Describes a single feature edit within a Counterfactual.
before
any
The feature’s value in the original query row.
after
any
The value the feature would need to take for the counterfactual to reach target_class.

Predictor

Predictor wraps an arbitrary HTTP scoring endpoint so you can use an existing model as a teacher in OuterProduct’s distillation flow. Pass a Predictor as the teacher argument to op.reasoning.fit() to distil a ReasoningModel that mimics the teacher’s predictions while adding full reasoning. 
op.model.Predictor(url: str, headers: dict | None = None)
url
string
required
The HTTP endpoint that accepts inference requests and returns predictions.

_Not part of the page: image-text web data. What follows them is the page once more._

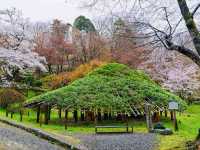 Cherry Blossoms Meet Castle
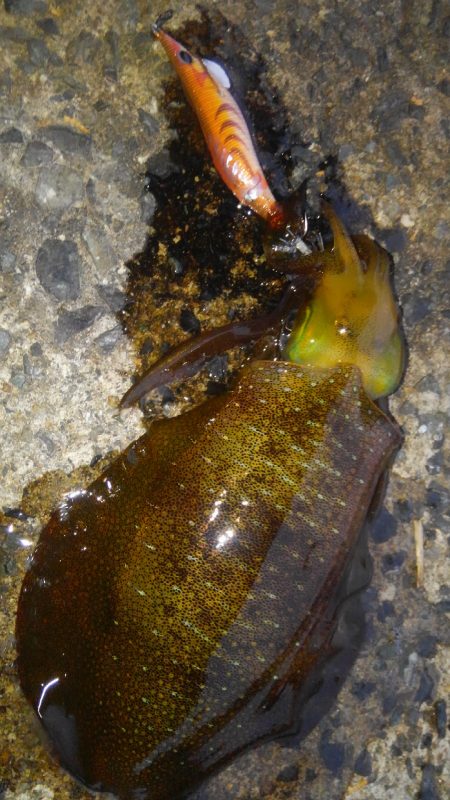 30分早く起きたご褒美‼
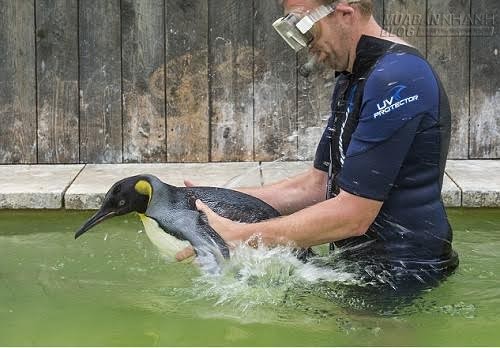 Hi hữu chim cánh cụt phải tập bơi vì… sợ nước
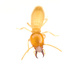 家白蟻屬 - Photo 由 Graham Montgomery 所上傳的 (c) Graham Montgomery，保留所有權利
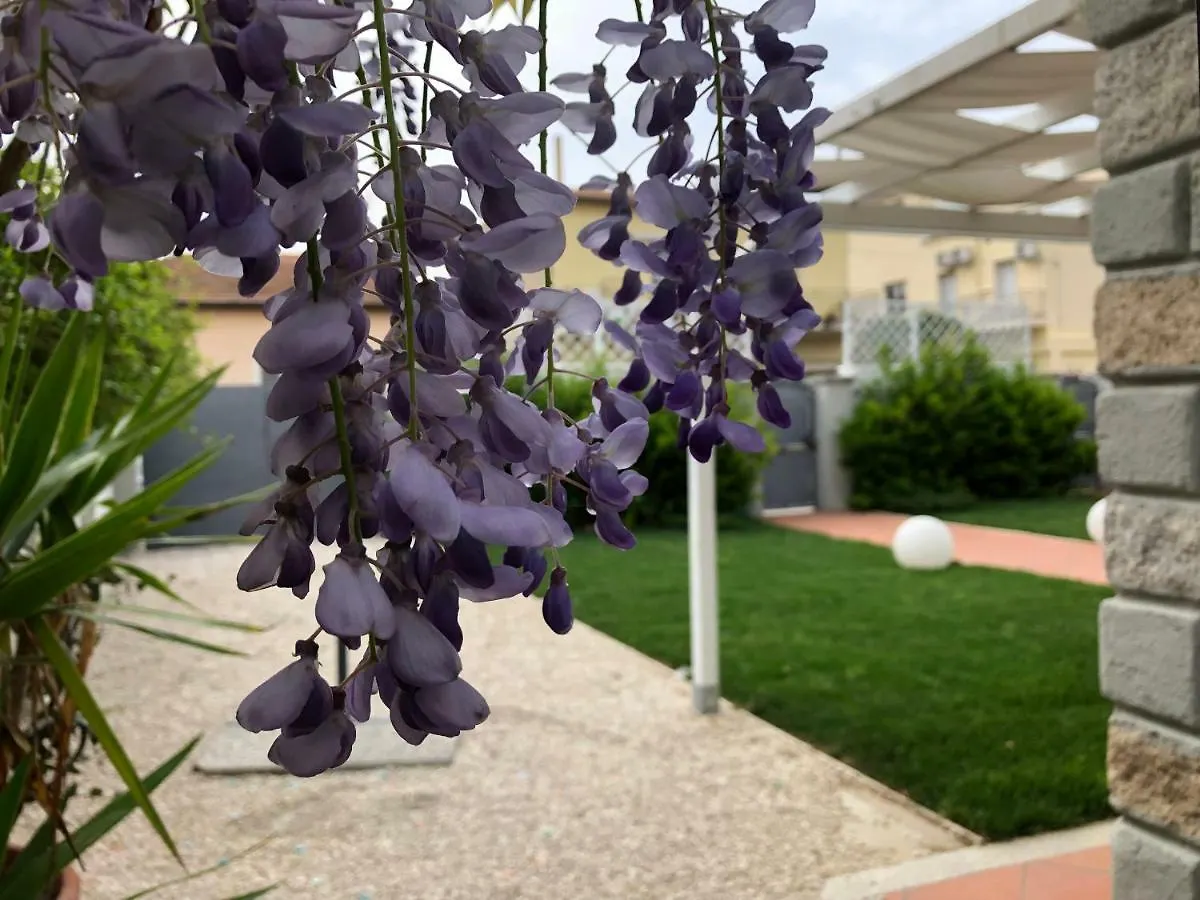 City Garden Guest House Olbia 2*,  Italië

OuterProduct will POST batches of rows to this URL during training.
headers
dict | None
Optional dictionary of HTTP request headers, such as {"Authorization": "Bearer <token>"}. Use this to authenticate against a secured scoring endpoint.
import outerproduct as op

op.init(api_key="your-api-key")

teacher = op.model.Predictor(
    url="https://my-scoring-service.example.com/predict",
    headers={"Authorization": "Bearer my-token"},
)

# Distil a ReasoningModel that learns from the teacher's predictions.
model = op.reasoning.fit(
    dataset,
    teacher=teacher,   # task can be omitted when a teacher is provided
).wait()

# The distilled model now supports explain(), get_global_drivers(), and scenario().
reasoning = model.explain(op.LocalDataset.from_pandas(X_new).upload())
When a teacher is provided, task is optional: OuterProduct queries the teacher to generate training labels. You can still supply a task with a label_column if you want to blend ground-truth labels with teacher predictions.